Part 1: “When I was young and ill, all I cared about was the result, about scalpels and scars.”
Part 2: “But in this waltz with prostate cancer, I’ve cared about the process, too. All along, I’ve wanted to know what this cancer could teach me, and I like to think that I’ve gripped it just as hard as it has gripped me.
“In embracing the cancer and its teachings, I’ve also embraced mysteries that I couldn’t have imagined more than a year ago. And that’s an absolute adventure, too” (http://www.nytimes.com/2009/05/19/
For some of us there are wisdom learnings that come only wrapped in strange unexpected diseases.
Life is so mysterious, answers and questions come seemingly from nowhere, and so when an impressive
doctor told me that Eastern wisdom tells us to learn from our illness I wondered what the lessons would be. I also wondered if they would be worth the price. The jury was still out.
Now I am looking at my own growth, my own path.
Like the NYTimes editor I see my learnings as happening in two parts.
Part 1: My initial learnings were like a warrior’s territory—I fought for “my” ground and I also felt like my shield must never be dropped.
That’s the stuff in my first book—how to have your best life with MS. My theory was that in order to have a good—a better—the best—life, that a battle with MS was going to ensue—an inner battle—a claiming of the territory of my life.
Part 2: This year the lessons are different.
This year I am learning to meet a part of me that was strong when I was very small, but that got pushed aside so that I could do the things that made my life growth happen. I have found that quiet person who isn’t so interested in shining in a group.
My life has gotten quieter since I retired, and I crave the morning routine that ends with a conversation with a journal and the river outside my window.
I live in the Northeast, and the weather is loud here—it changes often, moves around, colors and shapes are different according to the seasons. I love this life.

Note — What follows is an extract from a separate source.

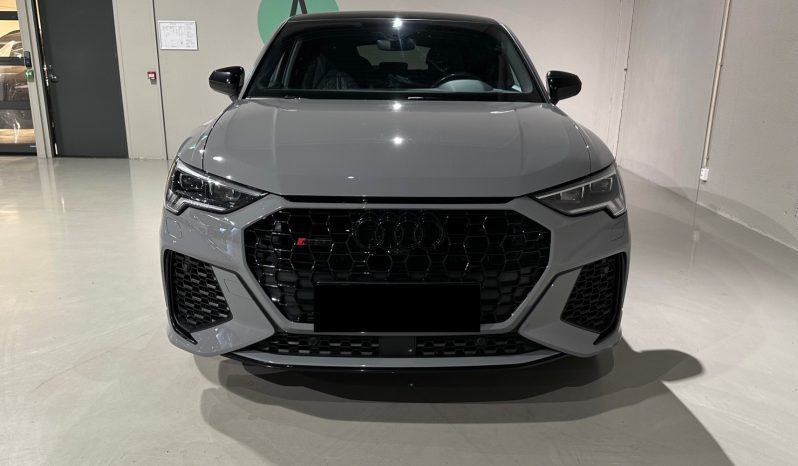 
								Audi RSQ3 Sportback full									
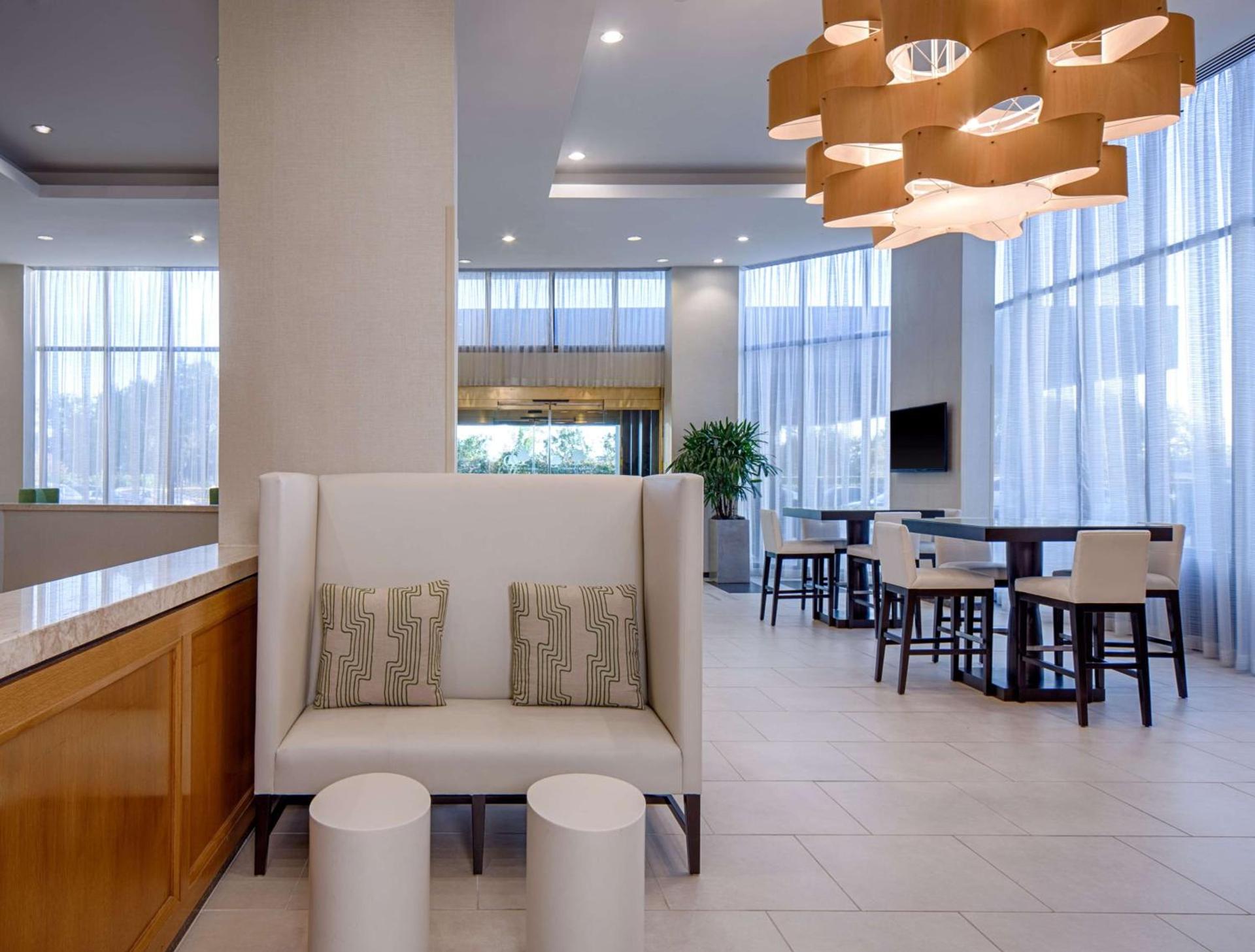 DoubleTree by Hilton Hotel Houston Greenway Plaza photo 6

This conversation is my most recent learning. It has slowed me down so that I can see some things. One thing I see is that MS is an experience that has a personality. I see MS, not as threatening my identity, but as a part of what I carry around in life.
The MS experience is a part of me like my fingers are mine—I know the shape of my nails, and I know the shape of my MS.
My own challenge of MS is individual, has a personality and demands and a relationship with me, a conversation with me.
Some of my friends express this too.
One friend wrote that he felt good one morning, but that his legs were in a bad mood that day. Another wrote that she doesn’t talk about having MS, she just considers that she carries it around with her while she lives her life.
It isn’t just MS that gives these lessons. A friend of mine said she has always considered the illness to be her companion (not her enemy, which I have called MS at times).
Having a relationship with what is going on with MS is another way of knowing that we are not swallowed up by the experience of medications and MS identity.
Instead of getting lost in the mix of diagnoses, symptoms and medications, it seems that our lives keep getting more texture. The evolving life-learnings keep defining new aspects of life, of ourselves, that were not apparent before.